* _EXERCISE INSTRUCTIONS_
Print the first line of the material below and each line after it, exactly as written, ending with the line that contains "Listing photo 3".
DATA TO PROCESS: Begin
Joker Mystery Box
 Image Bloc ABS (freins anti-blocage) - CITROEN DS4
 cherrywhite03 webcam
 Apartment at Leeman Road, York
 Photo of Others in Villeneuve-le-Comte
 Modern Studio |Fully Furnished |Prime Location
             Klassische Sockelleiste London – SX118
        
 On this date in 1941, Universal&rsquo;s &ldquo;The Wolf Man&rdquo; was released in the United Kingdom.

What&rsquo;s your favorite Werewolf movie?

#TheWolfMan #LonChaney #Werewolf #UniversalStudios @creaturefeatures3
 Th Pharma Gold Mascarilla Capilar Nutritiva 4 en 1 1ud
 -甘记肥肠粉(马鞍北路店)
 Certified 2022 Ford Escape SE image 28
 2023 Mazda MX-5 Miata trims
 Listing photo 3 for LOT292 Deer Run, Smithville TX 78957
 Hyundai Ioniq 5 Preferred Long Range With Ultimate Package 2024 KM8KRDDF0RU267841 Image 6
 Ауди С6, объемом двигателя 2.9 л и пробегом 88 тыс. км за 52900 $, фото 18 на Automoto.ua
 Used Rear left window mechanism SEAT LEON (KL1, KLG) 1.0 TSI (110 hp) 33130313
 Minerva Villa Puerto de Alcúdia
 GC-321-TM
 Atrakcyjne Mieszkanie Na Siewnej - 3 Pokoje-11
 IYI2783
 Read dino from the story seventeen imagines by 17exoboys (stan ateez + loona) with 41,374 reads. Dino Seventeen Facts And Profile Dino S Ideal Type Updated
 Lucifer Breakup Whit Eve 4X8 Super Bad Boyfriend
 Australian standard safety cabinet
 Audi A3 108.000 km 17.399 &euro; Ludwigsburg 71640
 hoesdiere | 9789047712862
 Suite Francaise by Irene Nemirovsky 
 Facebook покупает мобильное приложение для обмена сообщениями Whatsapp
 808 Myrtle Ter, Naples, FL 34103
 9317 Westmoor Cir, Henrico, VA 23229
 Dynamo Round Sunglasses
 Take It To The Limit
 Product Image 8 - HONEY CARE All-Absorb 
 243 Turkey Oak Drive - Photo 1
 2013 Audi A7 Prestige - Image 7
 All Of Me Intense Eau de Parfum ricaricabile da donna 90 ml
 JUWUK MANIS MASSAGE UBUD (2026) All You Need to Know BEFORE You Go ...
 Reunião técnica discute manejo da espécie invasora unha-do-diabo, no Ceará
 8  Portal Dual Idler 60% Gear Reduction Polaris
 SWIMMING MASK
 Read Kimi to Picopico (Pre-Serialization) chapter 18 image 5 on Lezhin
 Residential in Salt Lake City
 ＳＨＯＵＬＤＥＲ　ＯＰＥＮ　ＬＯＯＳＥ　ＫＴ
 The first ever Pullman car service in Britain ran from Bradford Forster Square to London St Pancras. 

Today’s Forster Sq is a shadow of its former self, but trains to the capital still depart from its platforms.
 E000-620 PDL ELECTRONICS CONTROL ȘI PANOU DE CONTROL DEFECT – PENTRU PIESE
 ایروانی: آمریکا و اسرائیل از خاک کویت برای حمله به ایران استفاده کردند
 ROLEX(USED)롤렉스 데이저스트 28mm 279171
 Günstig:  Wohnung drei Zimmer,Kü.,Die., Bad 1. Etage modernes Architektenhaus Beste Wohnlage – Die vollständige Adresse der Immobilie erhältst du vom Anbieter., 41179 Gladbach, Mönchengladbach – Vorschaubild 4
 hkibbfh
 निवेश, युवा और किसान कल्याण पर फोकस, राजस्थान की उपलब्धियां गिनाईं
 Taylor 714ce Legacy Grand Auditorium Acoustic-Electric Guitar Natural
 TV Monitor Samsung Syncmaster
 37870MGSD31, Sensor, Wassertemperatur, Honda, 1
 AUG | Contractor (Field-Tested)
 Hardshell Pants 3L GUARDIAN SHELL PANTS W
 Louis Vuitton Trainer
DATA TO PROCESS: End
* _COMPLETED TASK_
Joker Mystery Box
 Image Bloc ABS (freins anti-blocage) - CITROEN DS4
 cherrywhite03 webcam
 Apartment at Leeman Road, York
 Photo of Others in Villeneuve-le-Comte
 Modern Studio |Fully Furnished |Prime Location
             Klassische Sockelleiste London – SX118
        
 On this date in 1941, Universal&rsquo;s &ldquo;The Wolf Man&rdquo; was released in the United Kingdom.

What&rsquo;s your favorite Werewolf movie?

#TheWolfMan #LonChaney #Werewolf #UniversalStudios @creaturefeatures3
 Th Pharma Gold Mascarilla Capilar Nutritiva 4 en 1 1ud
 -甘记肥肠粉(马鞍北路店)
 Certified 2022 Ford Escape SE image 28
 2023 Mazda MX-5 Miata trims
 Listing photo 3 for LOT292 Deer Run, Smithville TX 78957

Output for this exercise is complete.